Problem requirements -> Retype exactly the lines below, starting with the line that contains "Luxury Hotel &" and ending with the last line; leave out any pictures.

Materials provided ->
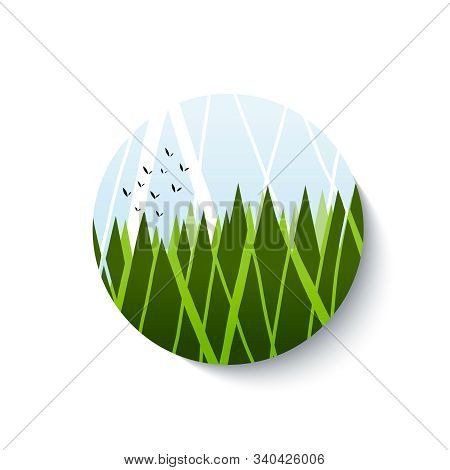 Round Icon With Forest Landscape. Circle Nature Logo.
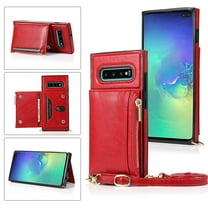 Dteck Crossbag Case For Samsung Galaxy S10e, Premium PU Leather Wallet Case Credit Card Holder Stand Cover, Red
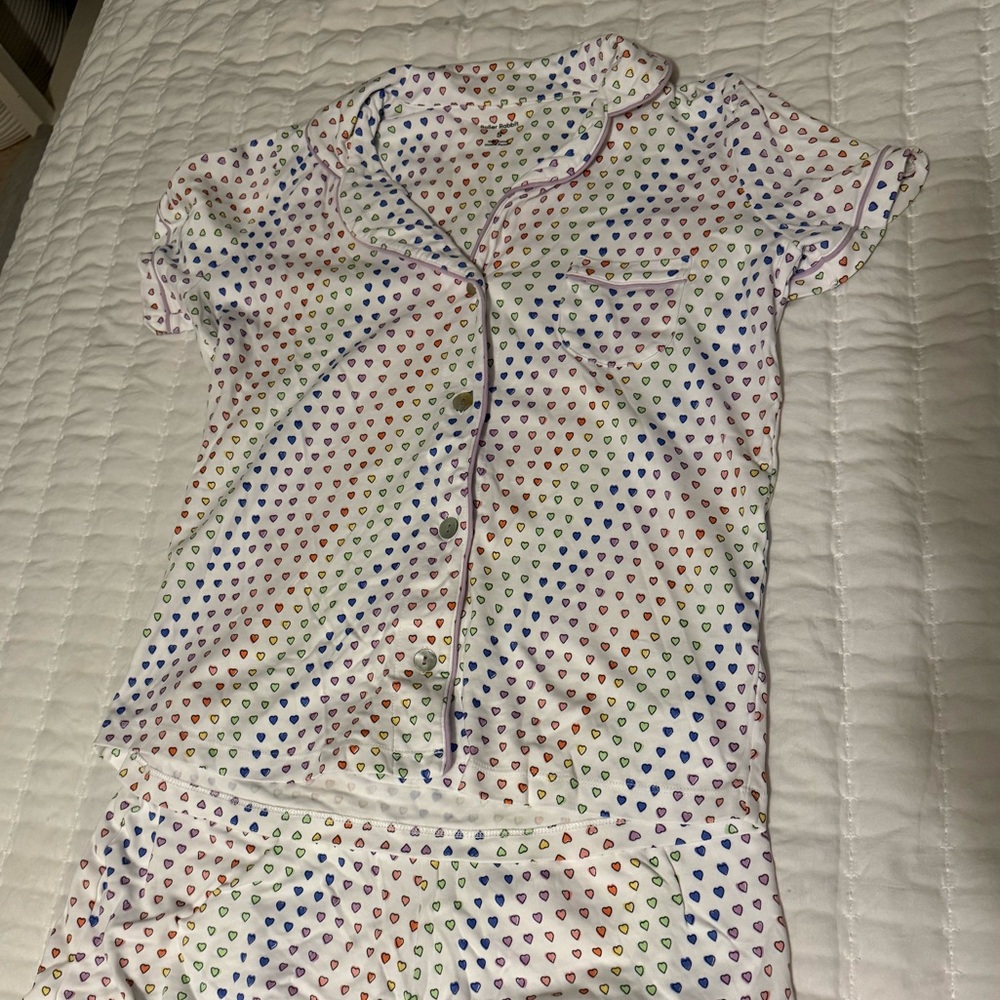 Roller Rabbit Rainbow Hearts Polo Pajamas Set - Size Small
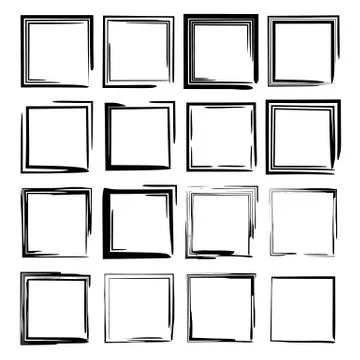 Set of black rectangle grunge frames. Geometric empty borders. Vector illustr Stock Illustration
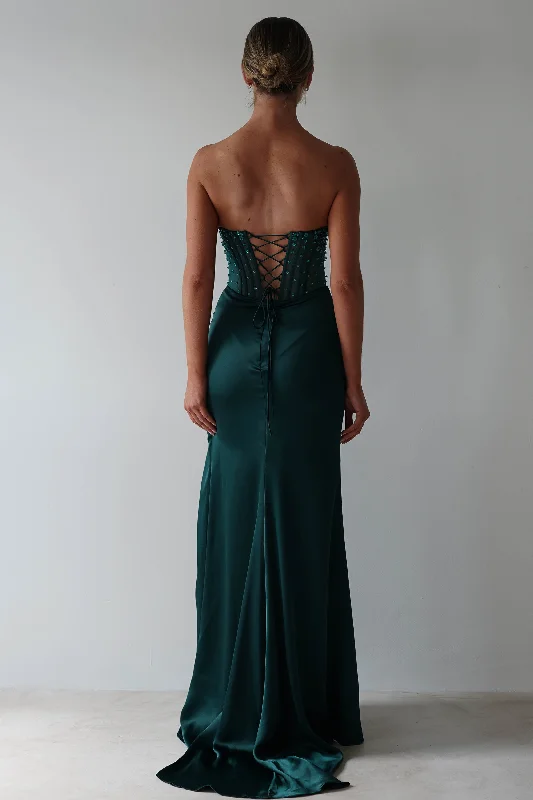 Theodora Strapless Embellished Gown | Dark Green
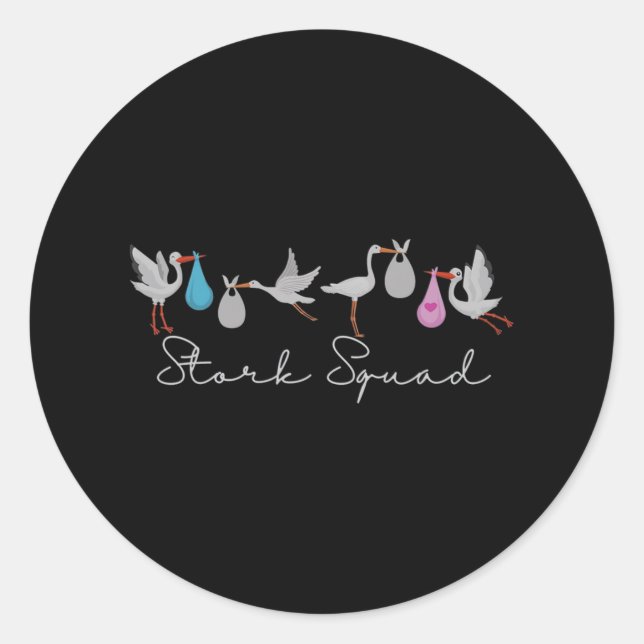 Adesivo Redondo Stork Squad Nurse Labor E Delivery Edition (Frente)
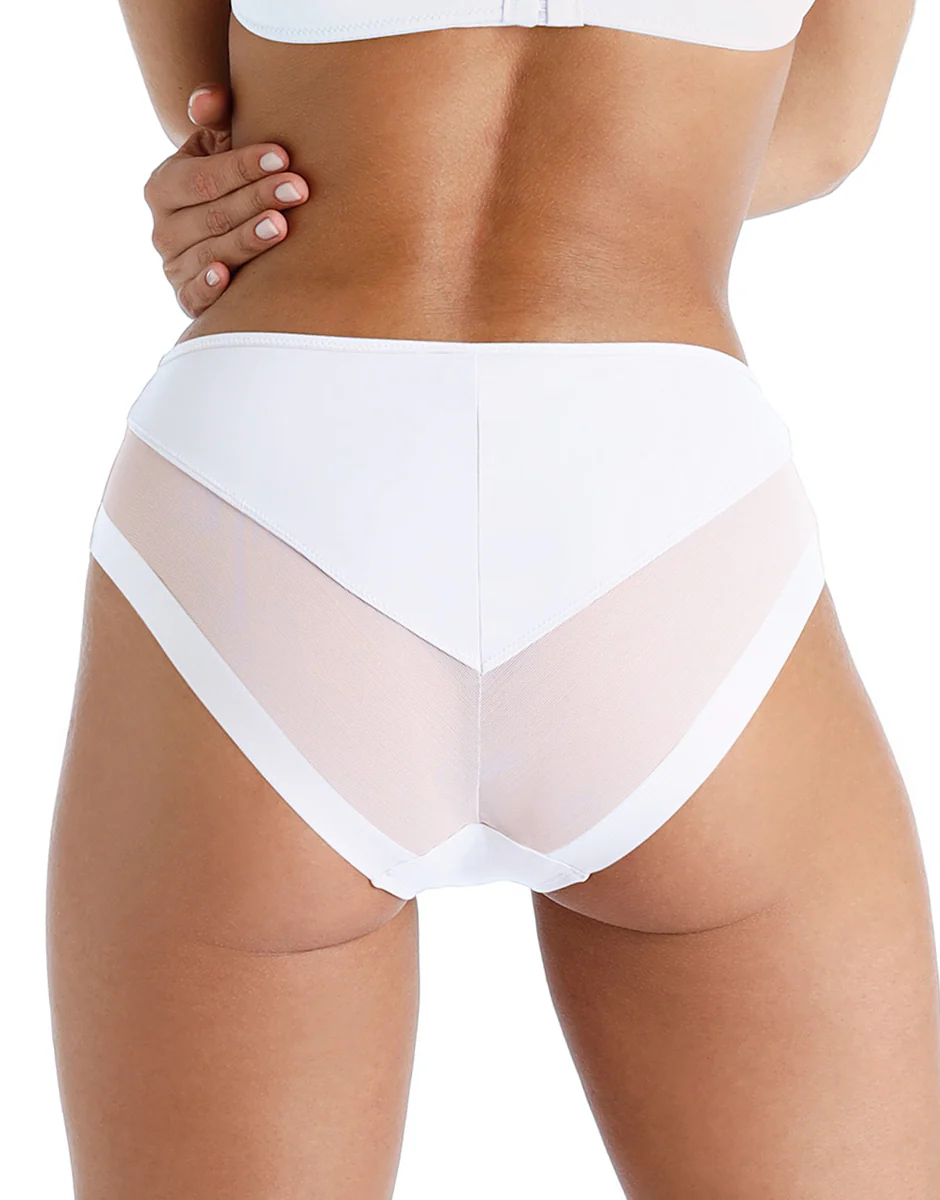 Slip Midi Classic Invisible in microfibra e tulle, bianco - Image 2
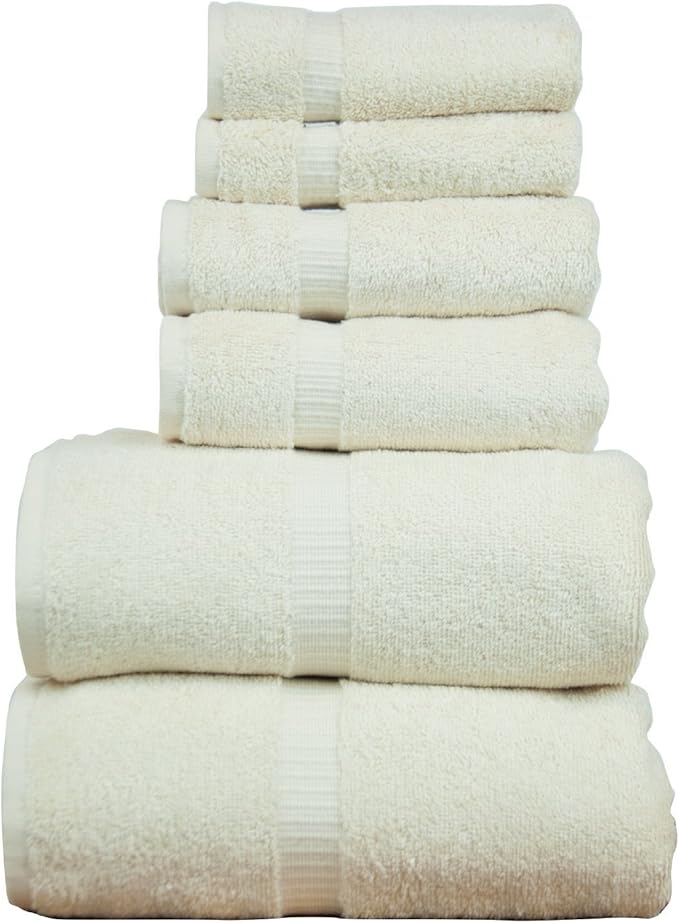 Luxury Hotel & Spa Quality Collection, Highly Absorbent & Quick Dry 100% Turkish Cotton, 750+ GSM, Eco Friendly Towel, Dobby Border Towels, 2 Bath Towel, 2 Hand Towel, 2 Washcloths (6 Piece, Beige)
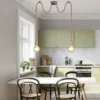 Rustikale Affenschaukel Lampe ROPE 2-flammig aus Hanfseil, Höhe 150cm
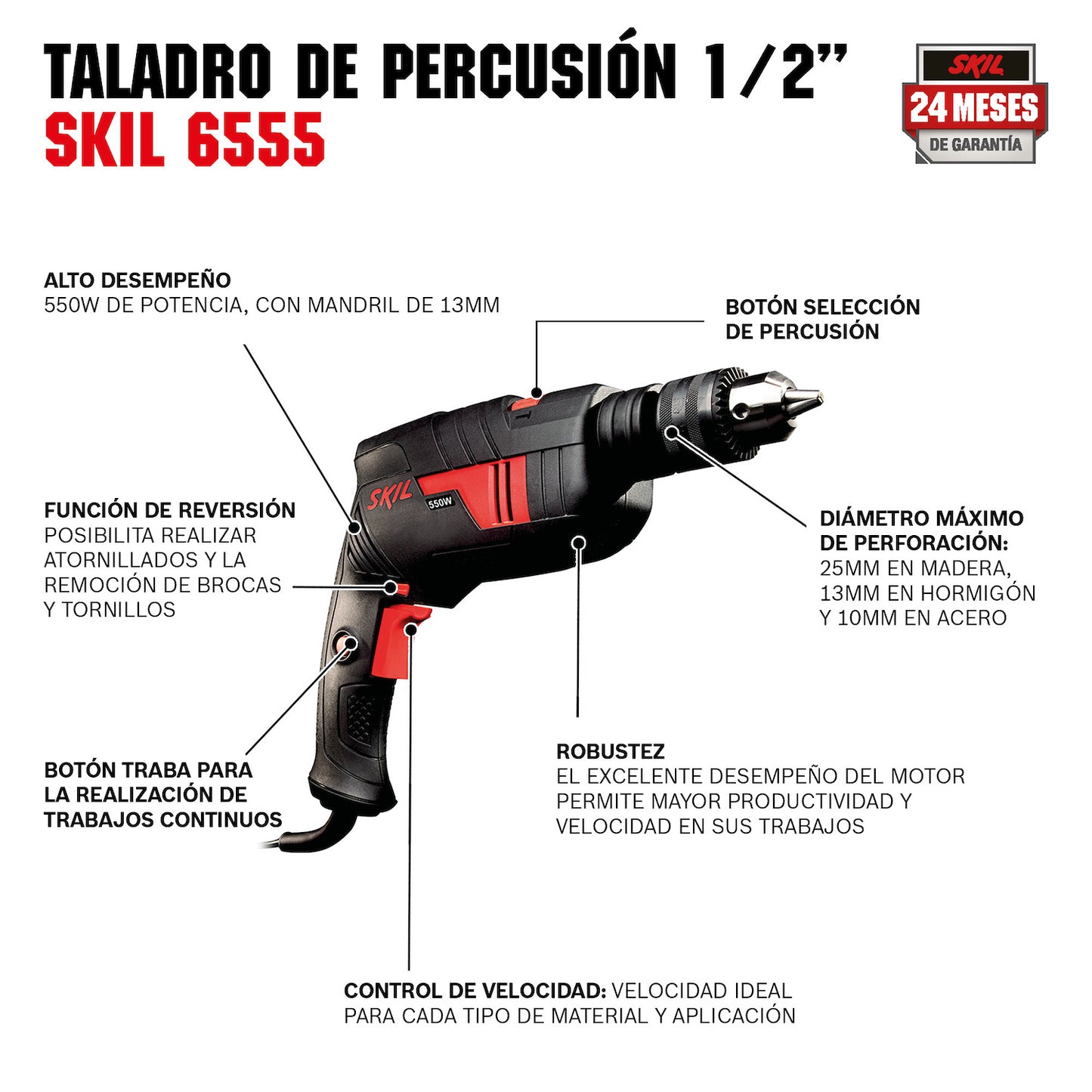 Taladro percutor Skil 6555 570W 110V, maletín y brocas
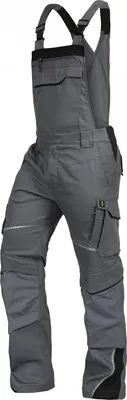 A pair of gray work overalls with black accents, shown against a white background.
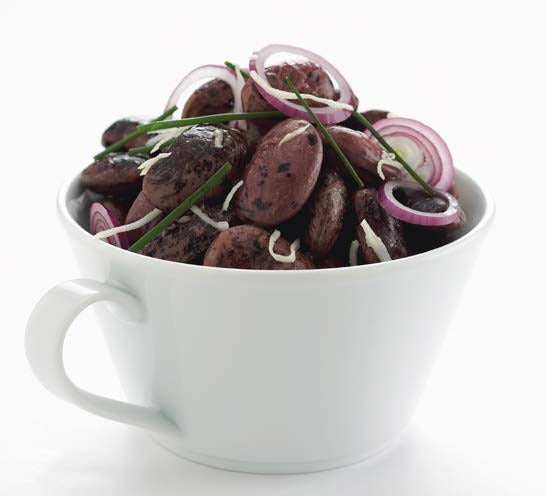 Austrian scarlet runner bean salad with red onion chives and horseradish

Written response ->
 Luxury Hotel & Spa Quality Collection, Highly Absorbent & Quick Dry 100% Turkish Cotton, 750+ GSM, Eco Friendly Towel, Dobby Border Towels, 2 Bath Towel, 2 Hand Towel, 2 Washcloths (6 Piece, Beige)
 Rustikale Affenschaukel Lampe ROPE 2-flammig aus Hanfseil, Höhe 150cm
 Taladro percutor Skil 6555 570W 110V, maletín y brocas
 A pair of gray work overalls with black accents, shown against a white background.
 Austrian scarlet runner bean salad with red onion chives and horseradish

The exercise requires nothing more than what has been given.